I. That members wishing to address the meeting shall communicate with the Recording Secretary beforehand, that the President may arrange programme, and also time.
II. That subjects of special importance shall be notified a week, or, if possible, a fortnight beforehand, to allow members time for consideration in view of debate.
III. That openers on both sides of a debate be allowed fifteen minutes each for papers or addresses, and five minutes each for reply, previous to the President's summing-up.
IV. That no member shall speak more than once to any motion, unless in explanation, or to reply, as in Rule III.
V. That Superintendents of Departments shall periodically present a report, so that the interest in all matters of the Union be sustained.
VI. Members are requested not to converse with each other during the business portion of the meeting.

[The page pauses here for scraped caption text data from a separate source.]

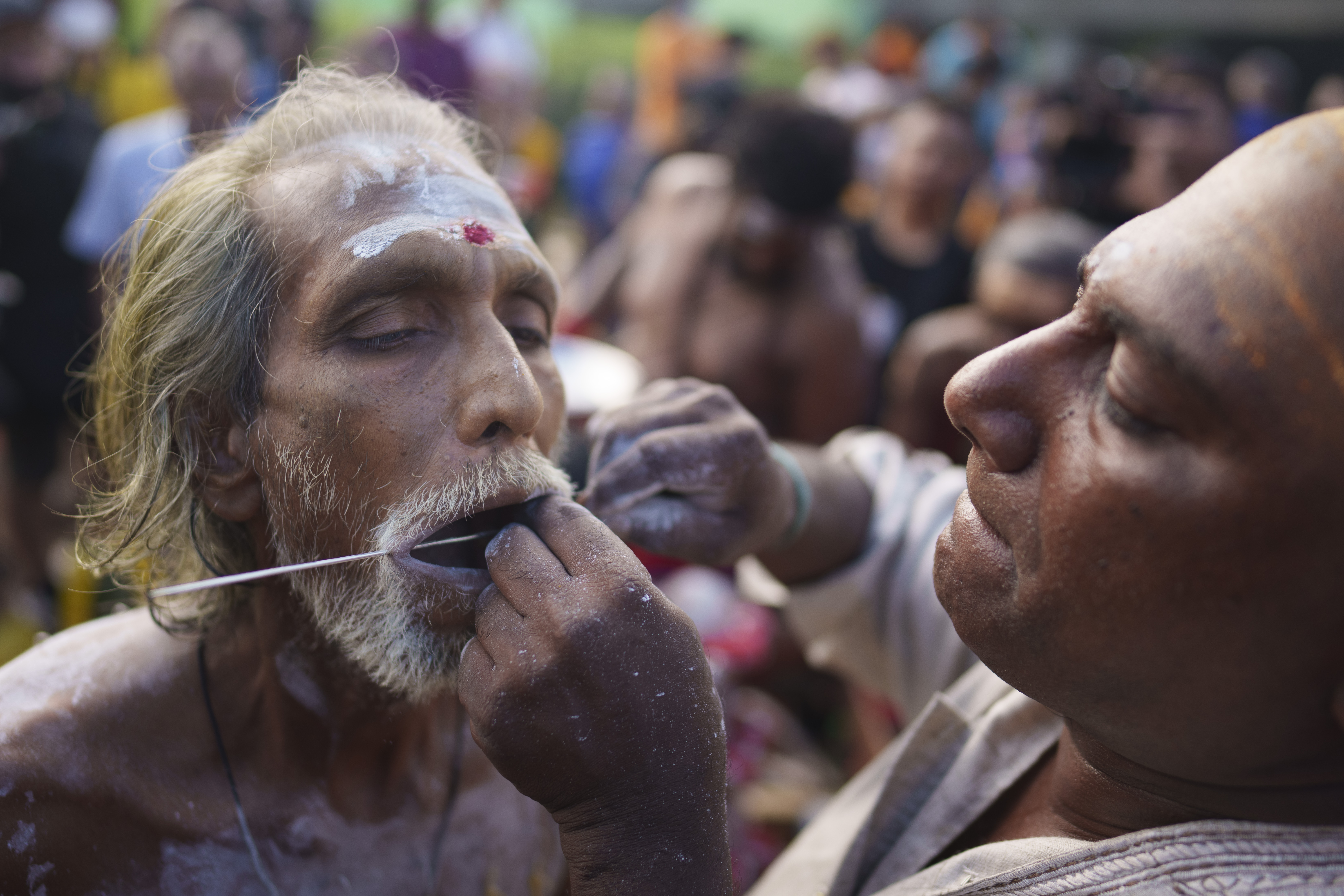 A man with a white beard and moustache having his tongue and cheeks pierced with a metal rod.
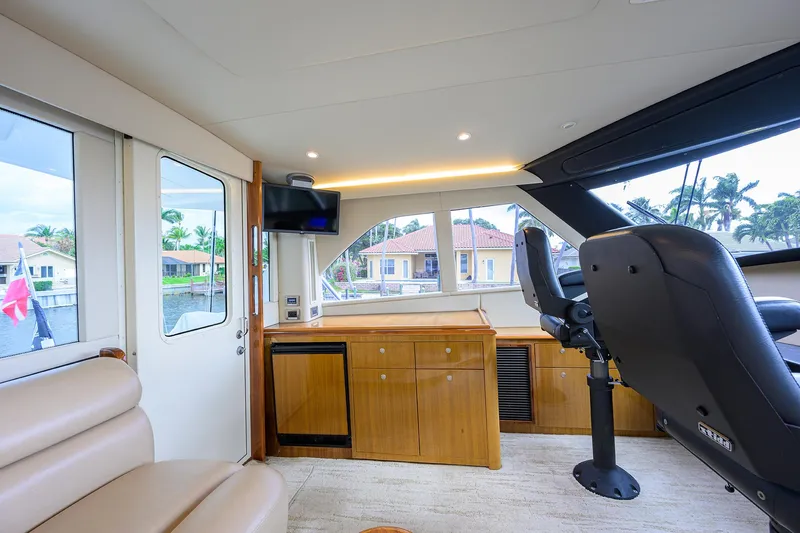  Yacht Photos Pics Luxurious interior of 2008 Viking 56 Enclosed Bridge yacht with modern helm and seating.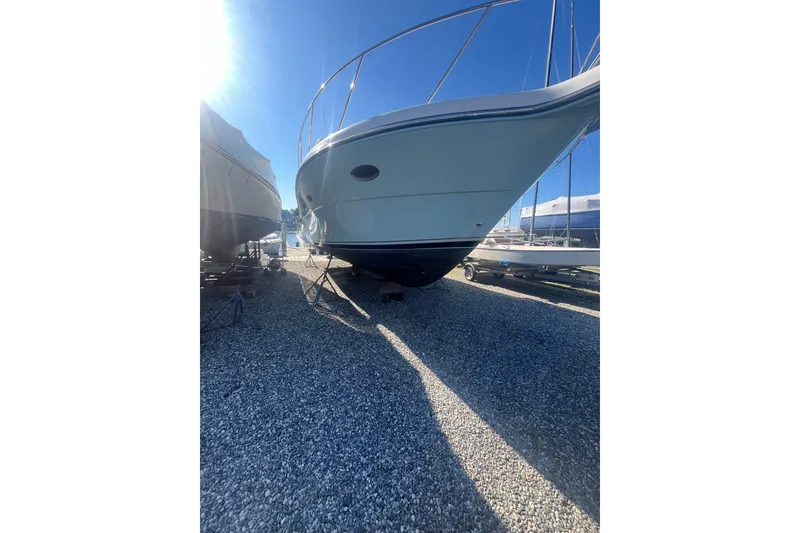 Slide: The Image of 2006 Tiara 32 OPEN boat on gravel, under bright sunlight. - 12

Minutes of the First Annual Contention of the New Zealand Women's Christian Temperance Union.
23rd February, 1886.
The Convention assembled in the Congregational Church, Wood ward-street, at 11 a.m. After devotional exercise by Mrs. C. Fulton, of Dunedin, the following delegates took their seats:—
Mrs. A. Dudley Ward, Provisional President, Christchurch; Mrs. A. Sinclair, Auckland; Mrs. F. Troy, Napier; Miss Sorley, Wanganui; Mrs. R. Hunter, Wellington; Mrs. J. Plimmer, Wellington; Mrs. C. A. Baker, Wellington; Mrs. Nightingale, Nelson; Mrs. E. E. Packe, Christchurch; Mrs. G. Clark, Christchurch; Mrs. Wroughton, Christchurch; Mrs. Rouse, Rangiora; Mrs. C. Fulton, Dunedin.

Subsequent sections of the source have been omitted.